Eso lo debemos entender, empleados mandados a su casa como los burócratas asalariados cobrando al 100 %, empleados de fábricas cobrando 50%, otros desempleados y los que tuvieron que salir a dar la cara por todos, los del sector primario agrícola para producir alimentos, los distribuidores y trabajadores de tiendas de autoservicio y de conveniencia, pero a los que pocos valoran Sector Salud, protección civil y de seguridad que dieron la vida por la sociedad.
Esta pandemia deja en claro la grandeza humana, el ser que recibió como morada un planeta hecho de tierra y agua y pudo extraer de ella todas las maravillas y adelantos científicos que gozamos, casa, vestido y sustento, pero lo más increíble que realizan nuestros científicos para desentrañar el funcionamiento del cuerpo y la naturaleza de los microorganismos para estudiar su hábitat y neutralizarles.
Debemos agradecer al creador por desnudarnos la naturaleza humana, nos cansamos de la vileza con que pueden conducir un país a la ruina, permitir que se masacren naciones enteras y no respingar.
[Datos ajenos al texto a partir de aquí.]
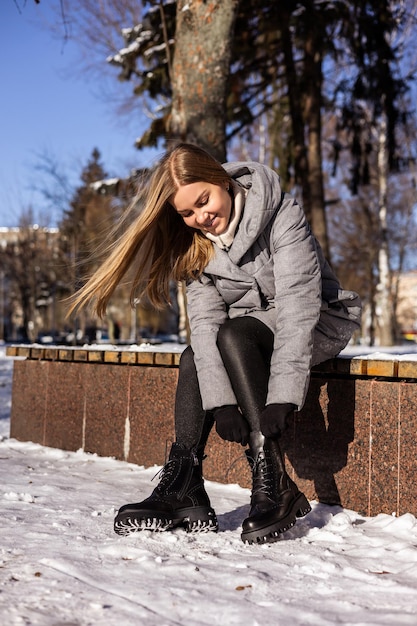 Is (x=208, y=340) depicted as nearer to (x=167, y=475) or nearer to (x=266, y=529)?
(x=167, y=475)

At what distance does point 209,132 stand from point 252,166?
122 inches

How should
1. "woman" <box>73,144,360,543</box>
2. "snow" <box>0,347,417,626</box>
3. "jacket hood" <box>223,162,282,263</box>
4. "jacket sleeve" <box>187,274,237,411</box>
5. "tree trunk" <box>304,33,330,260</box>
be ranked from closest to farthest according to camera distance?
"snow" <box>0,347,417,626</box> → "woman" <box>73,144,360,543</box> → "jacket sleeve" <box>187,274,237,411</box> → "jacket hood" <box>223,162,282,263</box> → "tree trunk" <box>304,33,330,260</box>

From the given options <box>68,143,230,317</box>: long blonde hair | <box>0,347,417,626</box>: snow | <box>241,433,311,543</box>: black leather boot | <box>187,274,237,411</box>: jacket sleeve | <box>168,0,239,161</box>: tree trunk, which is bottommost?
<box>0,347,417,626</box>: snow

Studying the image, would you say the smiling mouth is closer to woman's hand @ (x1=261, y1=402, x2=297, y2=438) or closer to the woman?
the woman

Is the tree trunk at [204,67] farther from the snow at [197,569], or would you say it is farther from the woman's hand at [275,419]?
the woman's hand at [275,419]

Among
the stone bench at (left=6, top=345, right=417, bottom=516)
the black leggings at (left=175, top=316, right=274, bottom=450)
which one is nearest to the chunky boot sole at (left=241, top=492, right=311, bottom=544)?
the black leggings at (left=175, top=316, right=274, bottom=450)

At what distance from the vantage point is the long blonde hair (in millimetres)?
2707

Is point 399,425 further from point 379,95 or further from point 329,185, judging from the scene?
point 329,185

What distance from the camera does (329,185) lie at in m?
26.4

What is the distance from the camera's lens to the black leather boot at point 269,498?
2291 millimetres

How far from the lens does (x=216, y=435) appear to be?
337cm

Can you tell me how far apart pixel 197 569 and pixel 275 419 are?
55 cm

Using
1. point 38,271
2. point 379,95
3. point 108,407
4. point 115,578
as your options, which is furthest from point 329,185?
A: point 115,578

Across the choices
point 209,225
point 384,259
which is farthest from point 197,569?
point 384,259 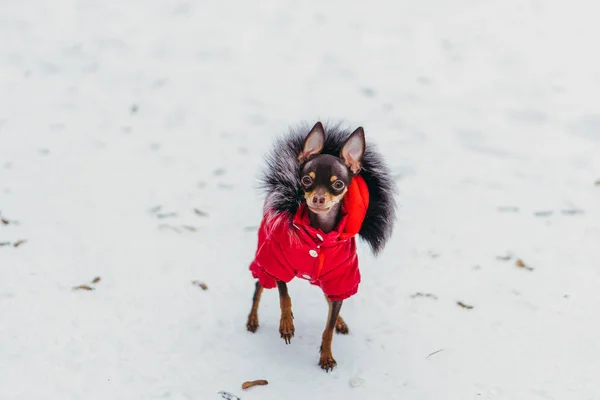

Algo bueno deberá salir de esta vicisitud, nada es de balde, las personas como bestias y naciones entienden a través de shocks, los cambios vienen después de los shocks, después de las grandes guerras nacieron muchas leyes como la Declaración Universal de los Derechos Humanos, organismos internacionales como la ONU, Banco Mundial, entre otros.
Este año que se va hay que despedirlo como un excelente año que nos deja una gran lección, se nos fueron seres amados y respetados, nada podemos hacer, pero sí deberemos aprender lo que nos trajo esta enfermedad y que se traduce concretamente a cuidar nuestros cuerpos, elevar nuestro sistema inmune a como dé lugar, no olvidar que somos lo que comemos, sobre todo no olvidar el ejercicio.
El alimento no sólo es físico, hay que cuidar cómo alimentamos la mente, qué leemos, qué aprendemos, con quiénes nos juntamos, si no lo hacemos así al menos estar contentos que fue nuestra elección válida por supuesto, pero que no digan “es que no sabía”.
Este año 2021 no será ni bueno ni malo, será como queramos, pero nos dará una oportunidad de empezar una vida nueva. Nunca es tarde para iniciar, mientras el cuerpo y la mente no nos abandonen.
¡Les deseo mucha luz, paz inverencial hermanos!